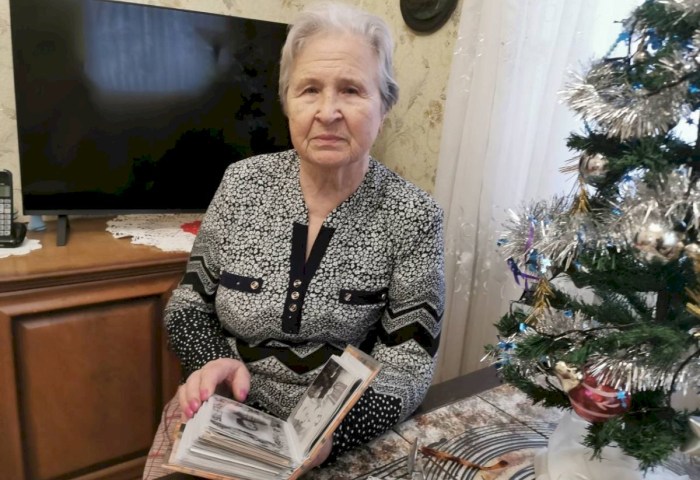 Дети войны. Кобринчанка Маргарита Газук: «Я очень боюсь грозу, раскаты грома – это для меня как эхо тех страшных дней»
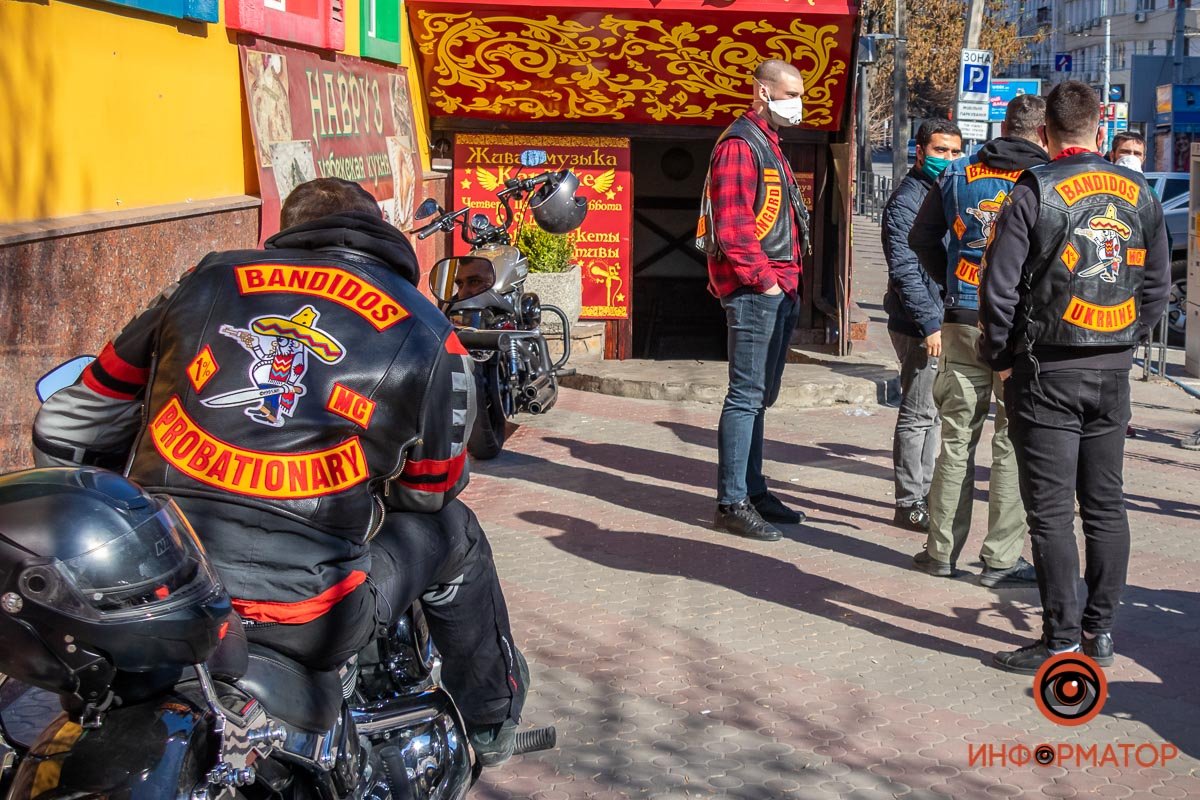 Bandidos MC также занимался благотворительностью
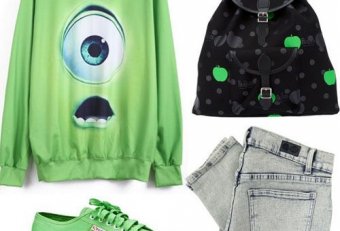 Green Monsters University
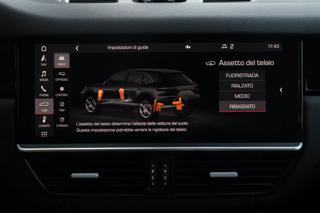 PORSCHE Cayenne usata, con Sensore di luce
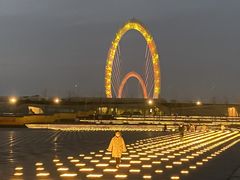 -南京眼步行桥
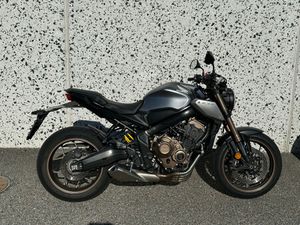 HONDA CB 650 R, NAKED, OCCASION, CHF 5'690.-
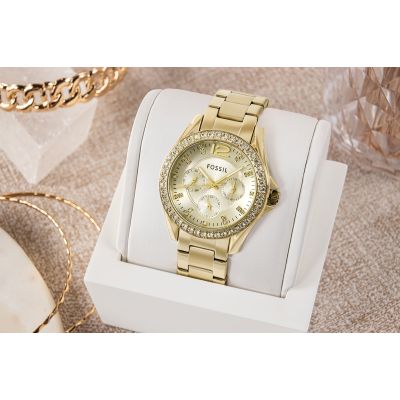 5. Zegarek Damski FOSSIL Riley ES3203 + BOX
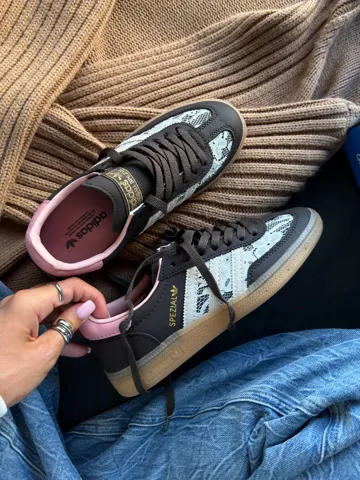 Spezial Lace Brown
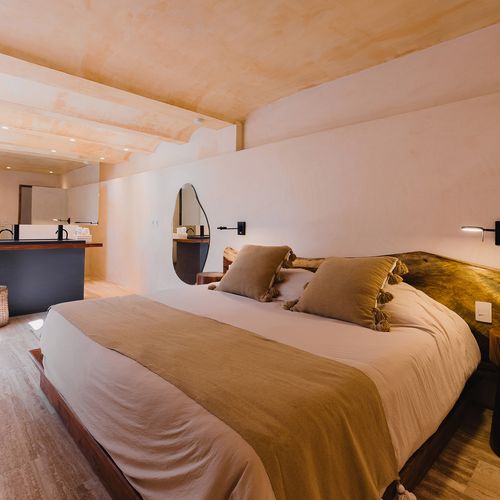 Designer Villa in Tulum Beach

________________________

▶ [To do] None of the pictures should be copied, but every record above must be restated in full.

▶ [Exercise result]
 Дети войны. Кобринчанка Маргарита Газук: «Я очень боюсь грозу, раскаты грома – это для меня как эхо тех страшных дней»
 Bandidos MC также занимался благотворительностью
 Green Monsters University
 PORSCHE Cayenne usata, con Sensore di luce
 -南京眼步行桥
 HONDA CB 650 R, NAKED, OCCASION, CHF 5'690.-
 5. Zegarek Damski FOSSIL Riley ES3203 + BOX
 Spezial Lace Brown
 Designer Villa in Tulum Beach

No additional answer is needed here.